Immune characteristics of three subclasses in the metadata set. (A) Heatmap describing the abundance of immune and stromal cell populations in C1, C2, and C3. (B) Boxplot of the abundance of immune and stromal cell populations distinguished by different subclasses. (C) Expression level (normalized count) of 15 immune checkpoint genes in three HCC subclasses.
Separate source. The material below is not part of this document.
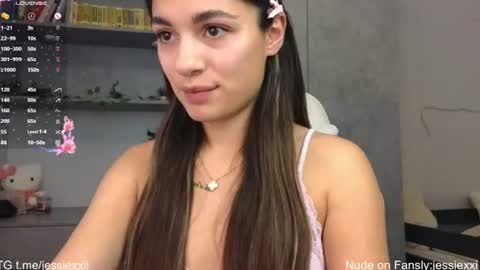 Snapshot of jessiexxi chatting on 06-17-26, 02:03 Jessie TG channel online show from 06-17-26, 02:03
The statistical difference was compared through the Kruskal–Wallis test, and the P values are labeled above each boxplot with asterisks (ns represents no significance, *P < 0.05, **P < 0.01, ****P < 0.0001).

Figure 4

Clinical characteristics of HCC subclasses in the TCGA and http://www.ncbi.nlm.nih.gov/geo/query/acc.cgi?acc=GSE14520 cohort. (A) Correlation of our classification (C1, C2, and C3) with clinical characteristics and previous HCC subclasses in the TCGA cohort. (B) Correlation of our classification with clinical characteristics and previous HCC subclasses in http://www.ncbi.nlm.nih.gov/geo/query/acc.cgi?acc=GSE14520 cohort.

Figure 5

Association between HCC subclasses and mutations, neoantigens, and copy number aberrations. (A) Oncoprint of mutation status of genes in P53/cell cycle pathway, Wnt/β‐catenin pathway, and hepatic differentiation (see detailed statistical analysis in Table S9). The number of mutations, predicted neoantigens (B), and copy number aberrations (C) in HCC subclasses. Statistical difference was compared through Wilcoxon rank‐sum test (ns represents no significance, *P < 0.05, **P < 0.01, ****P < 0.0001). (D) Amplification rate of HCC driver genes on chromosome 11q13 in HCC subclasses.

Figure 6

Identification of predictive classifier and putative targeted therapeutic and immunotherapeutic response. (A) Heatmap of the expression level of the 90‐gene classifier. (B) Concordance of HCC molecular subclass prediction between the 90‐gene classifier and original prediction based on NMF. (C) C2 may be more sensitive to the CTLA‐4 inhibitor (nominal P = 0.01) and cabozantinib (nominal P < 0.01) by SubMap analysis.